World Games 2.0

This project formed our contribution in The Yale Architectural Journal Perspecta 54 ‘Atopia’, edited Melinda Agron, Timon Covelli, Alexis Kandel and David Langdon.

The issue deals with Atopia as both the site of architecture's critical confrontation with hegemonic systems and the theoretical space in which its own processes can be challenged.

Our essay, World Games 2.0, reimagines Buckminster Fuller’s global World Game as a series of smaller, more focussed game concepts, that together could address the granularity and inconsistencies of modern living as multiple parallel systems.

World of Wenrenhua [1/4]
What would it be like to alter cities through painterly eyes? World of Wenrenhua is a game for breaking down Western perspectives of the city. In World of Wenrenhua, players operate a ‘Street View’ style car, scanning the world around them through the logic of a Chinese literati landscape painting, with an emphasis on artistic introspection rather than mathematical ‘accuracy’. This multiplayer game produces a world that becomes the repository of all the meanings and associations that players produce together.

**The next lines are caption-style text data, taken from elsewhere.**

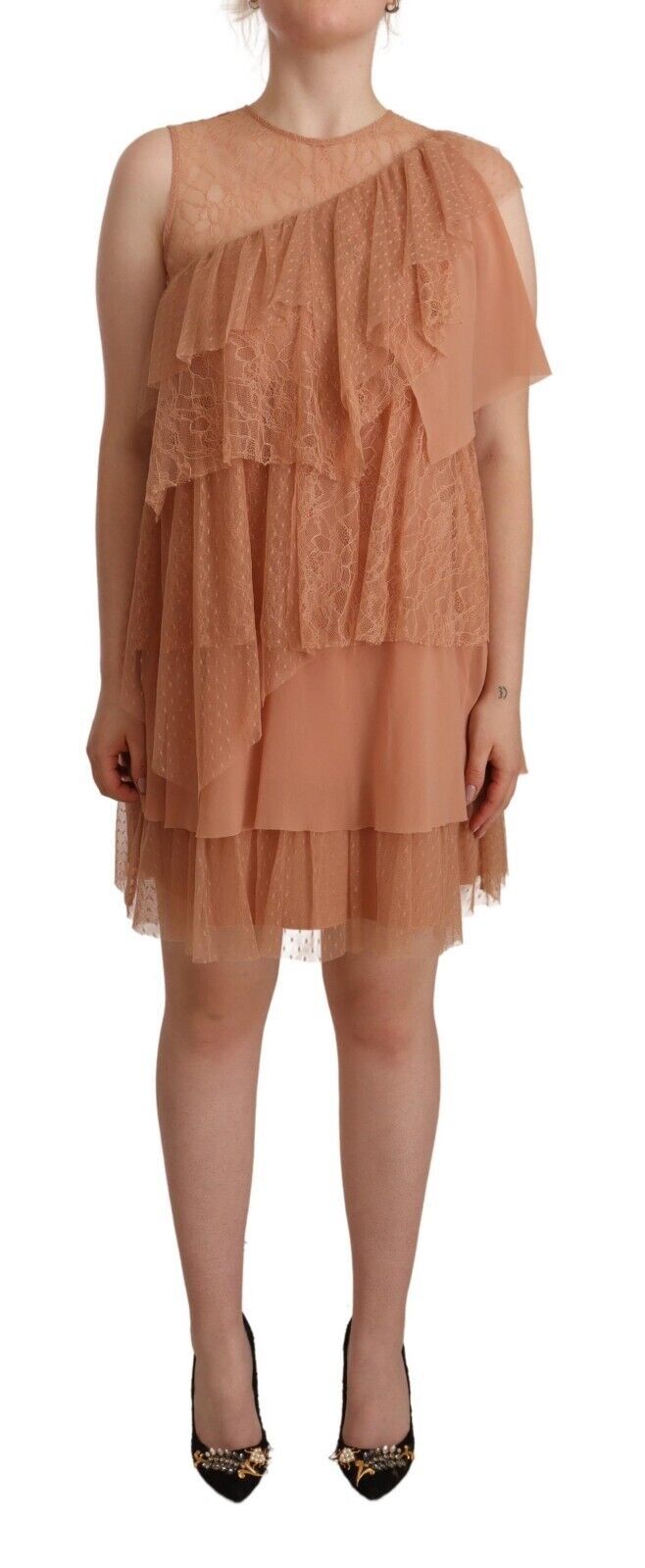 Liu Jo Pink Lace Sleeveless Mini Shift Layered Dress Liu Jo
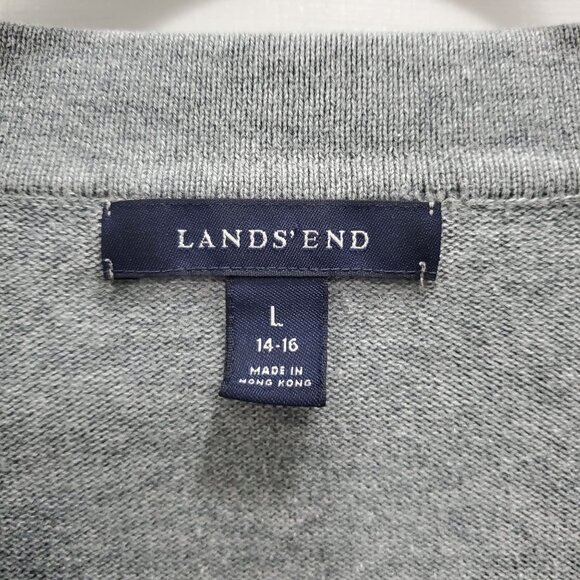 Lands' End Women's Gray Basic 100% Cotton Classic V-Neck Sweater Size L (14-16) - Picture 5 of 8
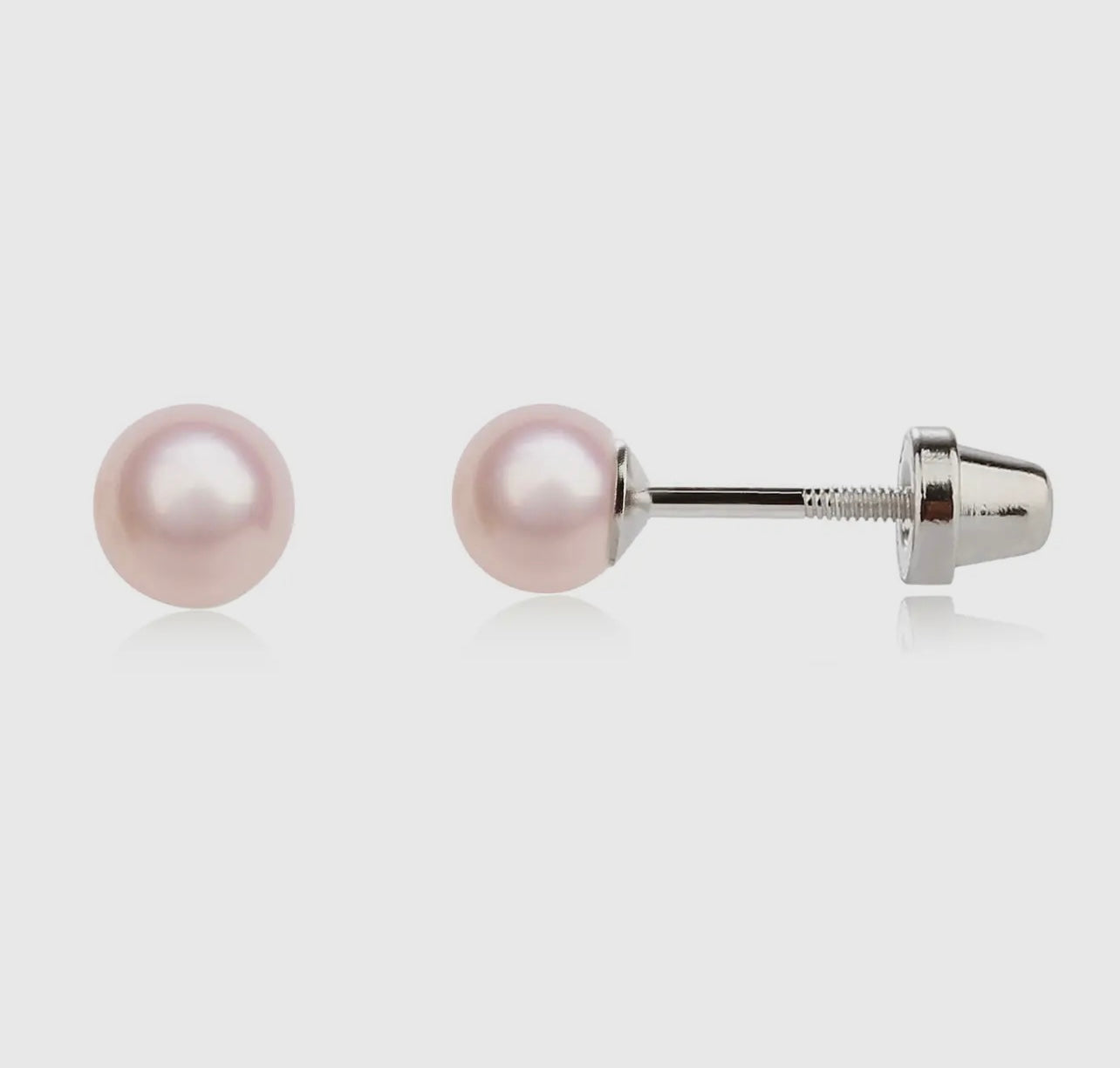 Pink pearl screwback earrings
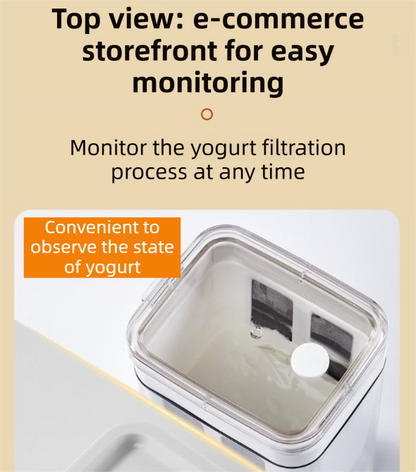 White Premium Greek Yogurt Strainer with Removable 304 Stainless Steel Fine Mesh & Transparent Airtight Storage Container - Image 6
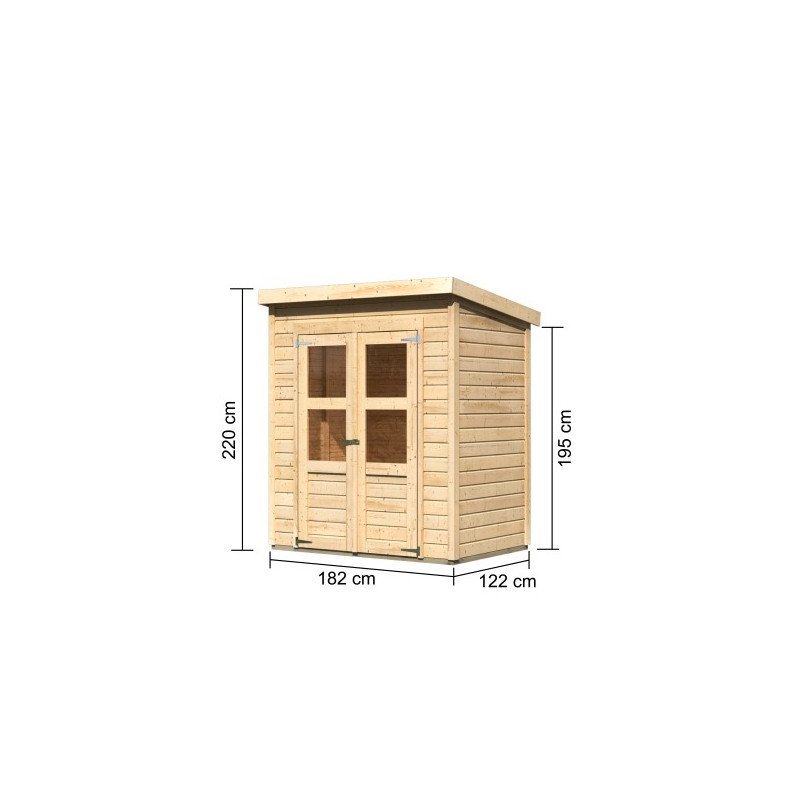 Petit abri de jardin en bois 2,22m² Merseburg 2 - Karibu – Image 3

Everyone is Architecture [2/4]
A cooperative spatial game, using geolocational positioning and augmented reality to create a system for public participation. Through virtual overlays and geofencing, participants embody architectural components, working together to choreograph new spatial experiences and create virtual buildings. Together players prototype new languages for architecture that reflect our daily interplay between the physical and digital.

Carbon Crush [3/4]
A roleplaying (RPG) game with a difference, where players are defined not by their growing mastery in swords and spells but by their real-world carbon footprint. By using the classic roleplaying mechanics of ‘self-improvement’ through repeated action, players can understand the impact their every-day decisions have on a larger scale. Yet, to fail in such a game is to fail in a synthetic world, not the real one that is under such imminent threat. In turn, Carbon Crush allows players to cultivate expertise for application in their everyday lives.

Stupid City [4/4]
Responding to the contemporary drive towards ‘Smart City’ technologies, framed as super-efficient futures where friction will be smoothed over in the service of capital, and citizens will be treated as corporate data sources. Players act as an AI, growing from a lowly smart toaster to eventually achieve ‘the singularity’. By occupying and controlling an AI, the game suggests that there are rich inconsistencies and illogical moments in urban life that can only be addressed through the culture of the human mind.